Rant: An Oral Biography of Buster Casey
- First edition cover
- Author: Chuck Palahniuk
- Cover artist: Rodrigo Corral Jacob Magraw-Mickelson
- Language: English
- Genre: Science fiction, satire, horror
- Publisher: Doubleday
- Publication date: May 1, 2007
- Publication place: United States
- Media type: Print (hardcover, paperback); e-book
- Pages: 319
- ISBN: 978-0-385-51787-4
- OCLC: 71322095
- Dewey Decimal: 813/.54 22
- LC Class: PS3566.A4554 R36 2007

= Rant (novel) =

2007 book by Chuck Palahniuk

Rant: An Oral Biography of Buster Casey is a novel by Chuck Palahniuk released on May 1, 2007. Palahniuk has indicated that Rant is the first in what will become a three-book series.

Rant is told in the form of an oral biography. When the story begins, the reader discovers that the main character, Buster Landru "Rant" Casey, is already deceased. Throughout the book various people discuss their memories of Buster and the world he lived in, presenting stories in an occasionally conflicting timeline.

The paperback edition became a national bestseller in May 2008 and remained on the New York Times Paperback Fiction Bestseller List for six weeks.

Author and anthropologist Victor Turner is briefly quoted as one of the contributors.

==Plot summary==
The novel is presented as a series of interviews in which various people recall their experiences with a man called Rant.

Buster Casey is born in the rural town of Middleton with the senses of smell and taste far more advanced than other humans. He acquires the nickname Rant from a childhood prank involving animal organs which results in numerous people becoming ill. The sound of the victims vomiting resembles the word rant, which becomes a local synonym for vomit and therefore Buster's nickname.

As a child, Rant discovers a massive wealth that turns the small town's economy on its head. He becomes obsessed with getting bitten by rabid animals along with venomous snakes and spiders. After his first bite from a black widow spider, Rant discovers that toxic spider bites cause him to get an erection. He uses this effect to leave school and eventually threatens his way to an early diploma and a rather large check that he uses to leave town. When Rant arrives in the city, it becomes clear to the reader that the novel takes place in a dystopian future, where urban dwellers are forcefully divided by curfew into two separate classes: the respectable Daytimers and the oppressed Nighttimers.
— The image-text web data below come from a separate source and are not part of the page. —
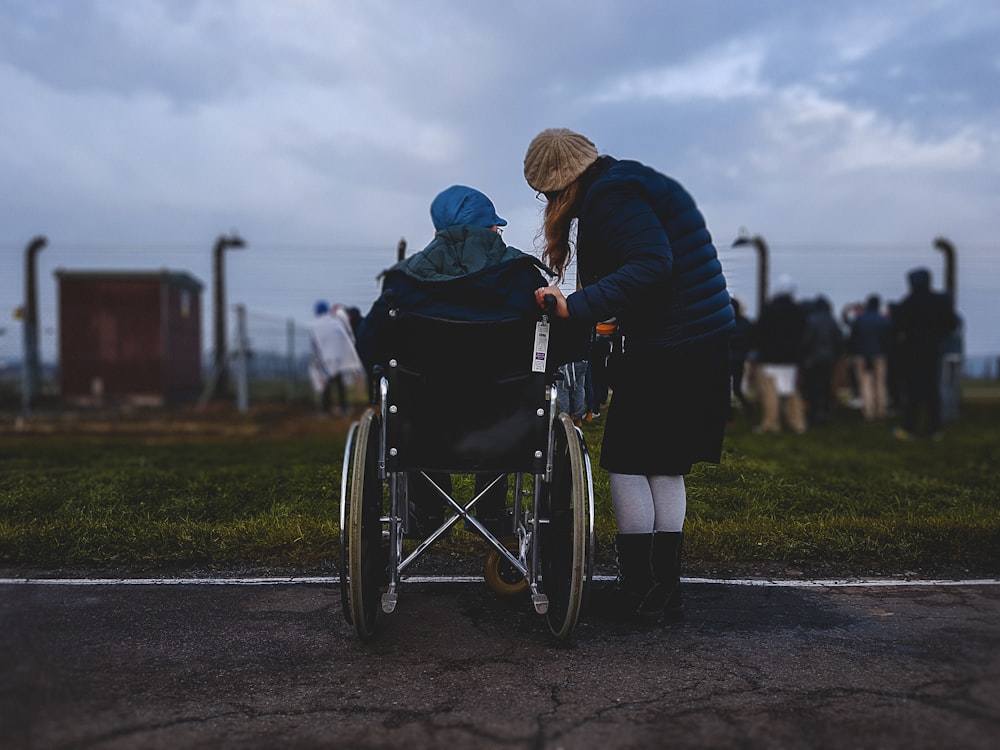 Frau, die in der Nähe einer Person im Rollstuhl in der Nähe eines grünen Grasfeldes steht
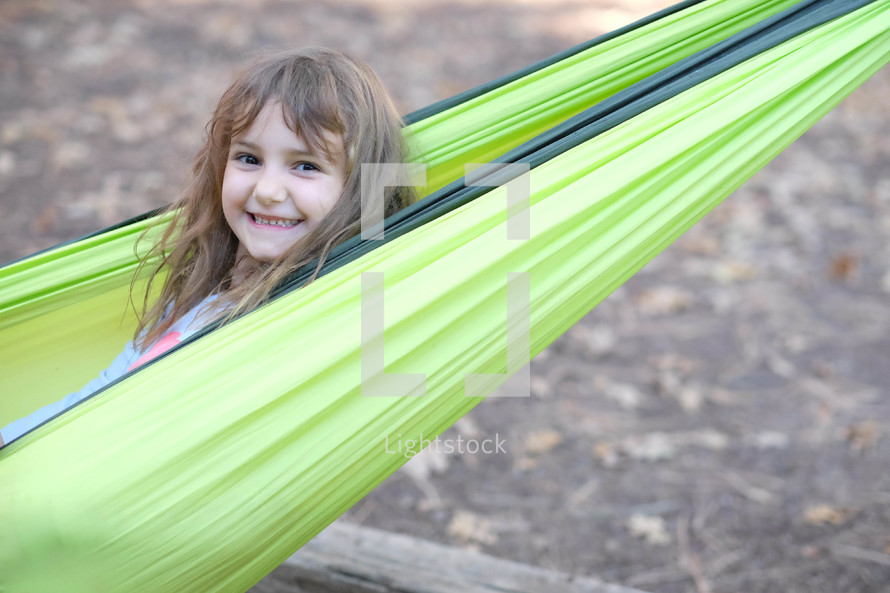 smiling girl in a hammock 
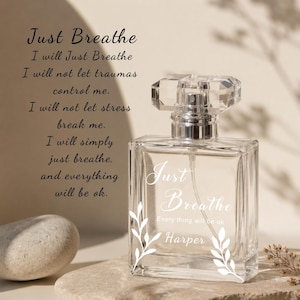 Peut inclure: Un flacon de parfum en verre transparent avec un bouchon à facettes style cristal. L'avant du flacon présente un texte imprimé blanc indiquant Just Breathe, Every thing will be ok, et le nom Harper, encadré par deux illustrations de feuilles.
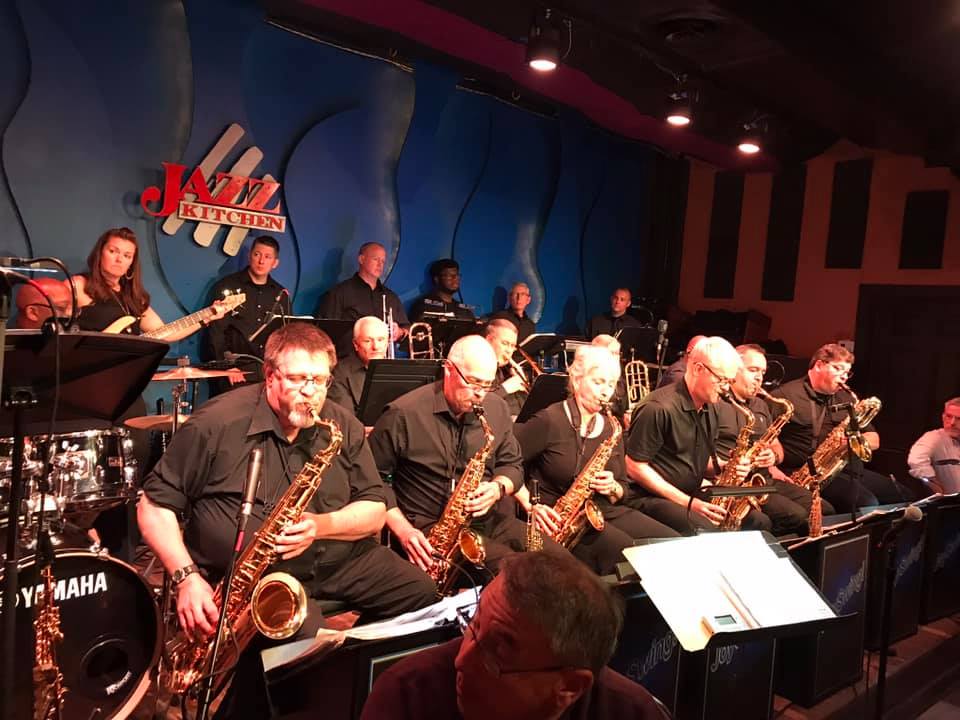 Large Joy Swing big band performing live on stage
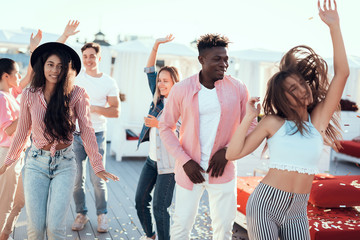 Cheerful ladies and beaming males gesticulating hands while dancing during party. Glad friends during entertainment concept - obrazy, fototapety, plakaty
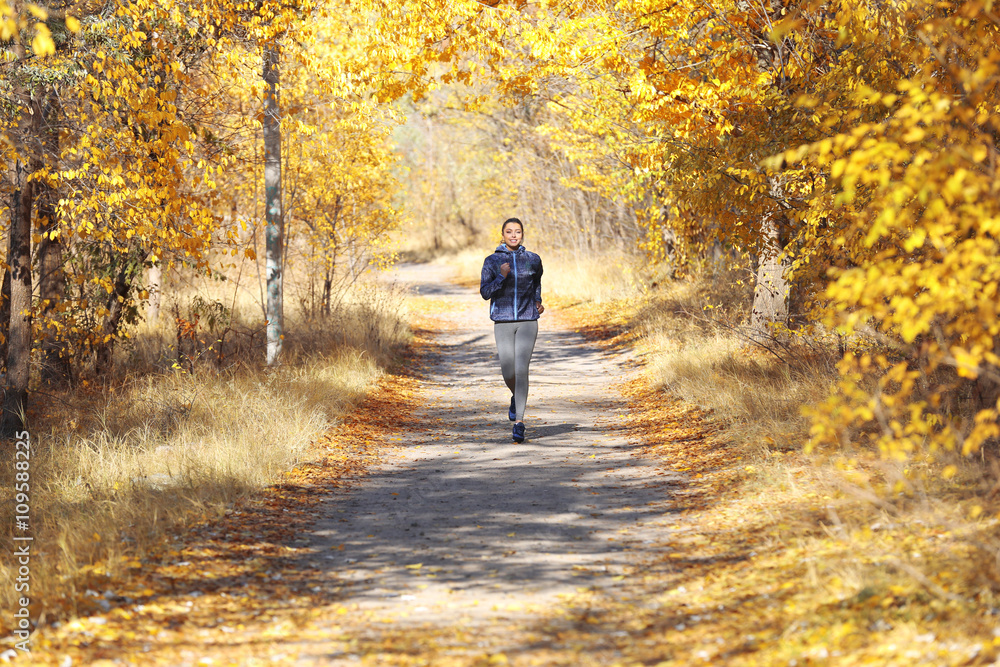 Young beautiful woman jogging in autumn park Young beautiful woman jogging in autumn park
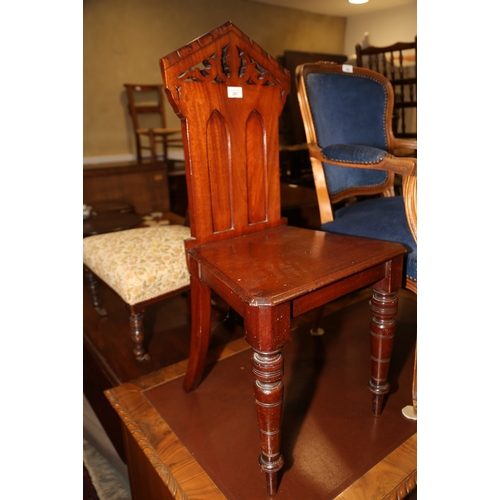 267 - A late Victorian carved mahogany hall chair, on turned supports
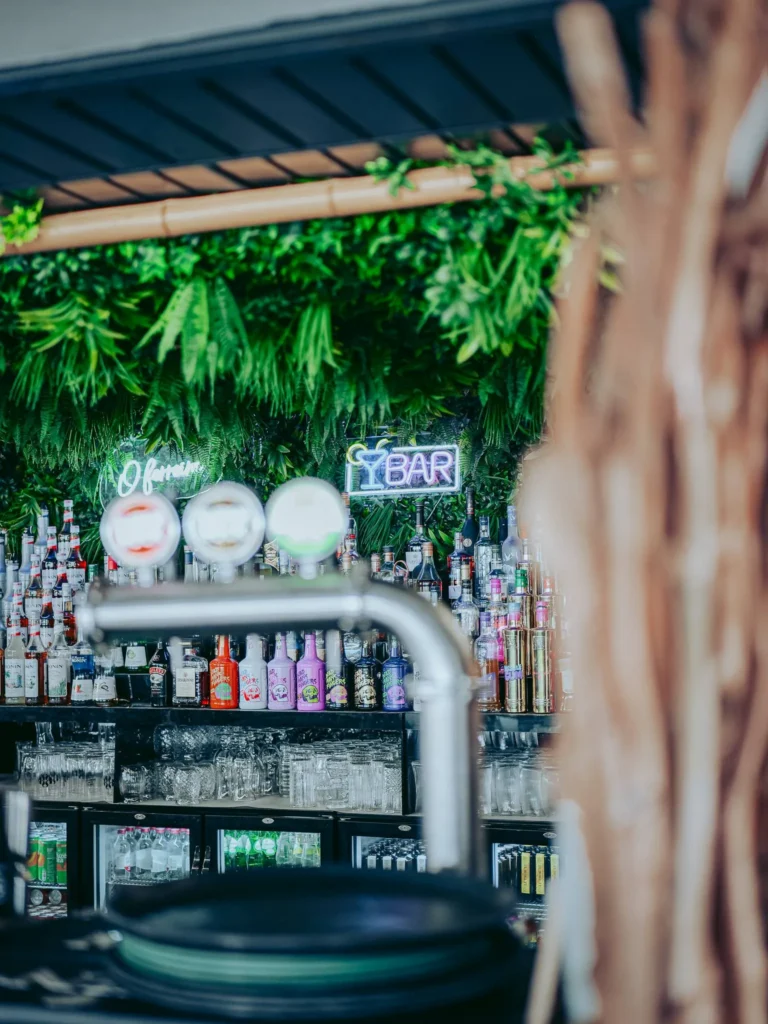 Outdoor bar counter at O Ferreira on Tavira Island, with numerous bottles of alcohol, glasses, and a neon sign, decorated with green plants.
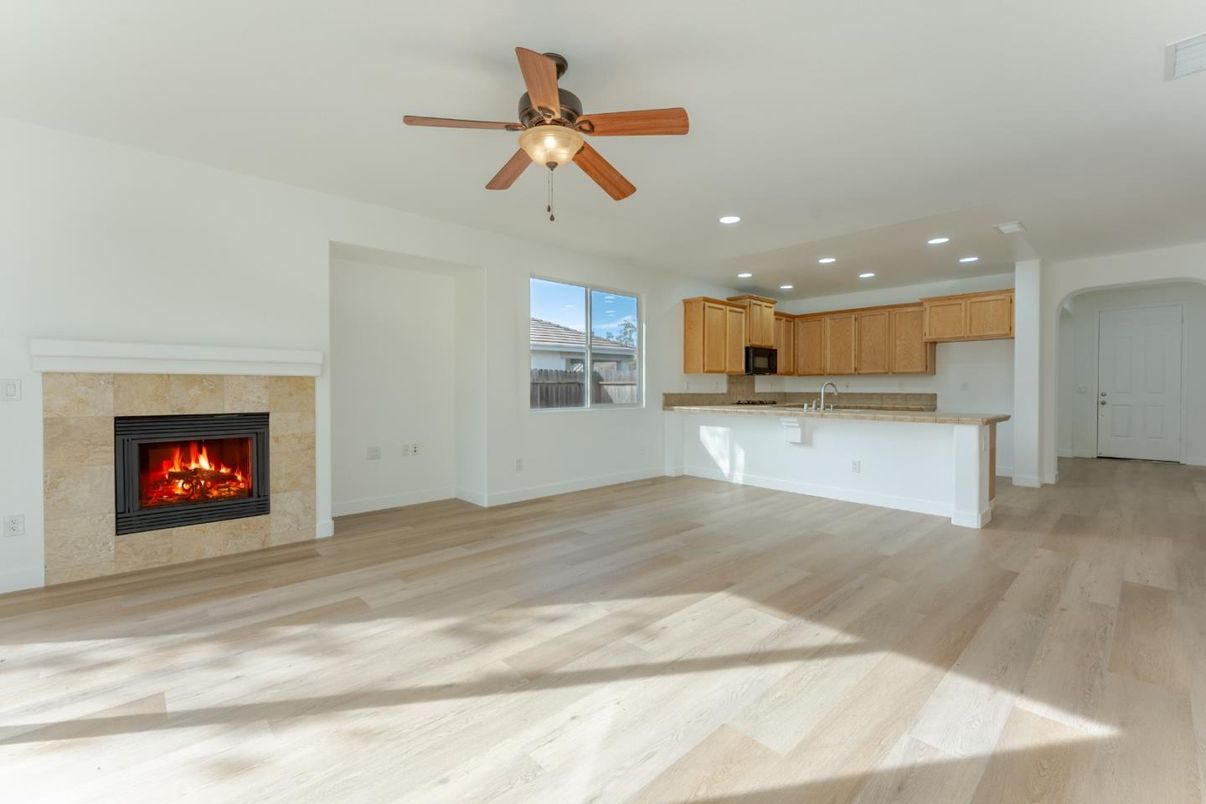 Empty room, Fireplace, Interior, Kitchen, Recessed Lighting, Wood Texture Flooring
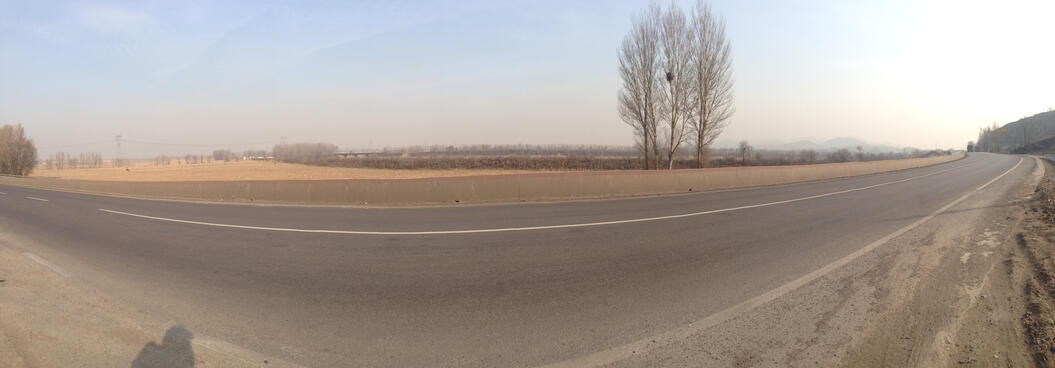 An empty road next to golden fields, with trees and mountains in the distance under a yellowy haze.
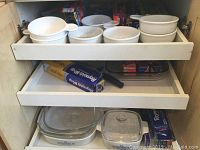 Image showing a lower drawer with two Corning Ware casserole dishes with lids and aluminum foil box underneath the drawer with ramekins.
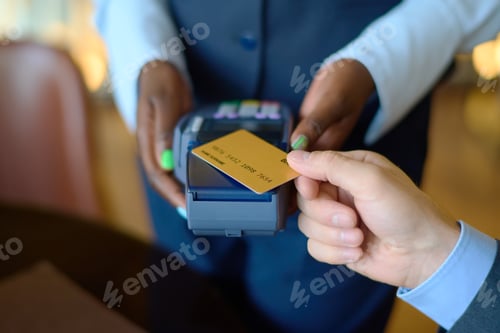Preview: Manager holding payment terminal while man with credit card paying for purchase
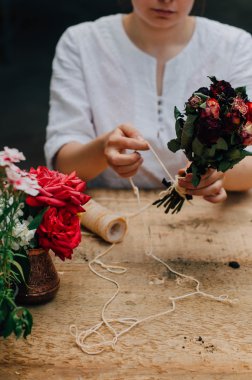 Bir tablo rustik, Bahçe işi bahçıvan. Bahçede çalışan, bir kadın bakımları flowerscarnations el ile kapatın. Kadının elleri. Çiçekli Bahçe aletleri.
Rant becomes a Nighttimer and finds himself swept up in the Nighttimer lifestyle that revolves around "Party Crashing", a covert demolition derby played out on city streets at night. The game is organized by an unknown entity and is set during a designated window of time. The object of the game is to crash, not too forcefully, into other players who sport a certain "flag", such as a Christmas tree on their car's roof or the words "Just Married" scrawled on their vehicle's rear windshield. Rant meets Echo Lawrence, a fellow Crasher. She and Rant fall in love. Rant starts a nationwide rabies epidemic that eventually erupts into zombie-invasion-like proportions that calls for those infected with rabies to be shot and killed on sight.

Rant eventually dies during a Party Crashing event. His death is viewed and listened to by millions on national television and the Graphic Traffic radio show. However, when the car is pried open, his body is missing. After his "death", many interviewees share their speculations about Rant's strange fate and its implications for society along with the rabies outbreak.

Some interviewees and friends of Rant speculate that crashing a car while in a given state of mind will jar a person outside of time. Once this is accomplished, they can then go back and kill off all of their ancestors, in turn making them immortal. Or they can, through incest, make themselves into something more than human. The latter is believed to have happened to Green Taylor Simms, a fellow Party Crasher, who is implied to be Buster Casey in some form.

==Film adaptation==
On September 11, 2014, Palahniuk announced that James Franco had optioned the film rights to Rant.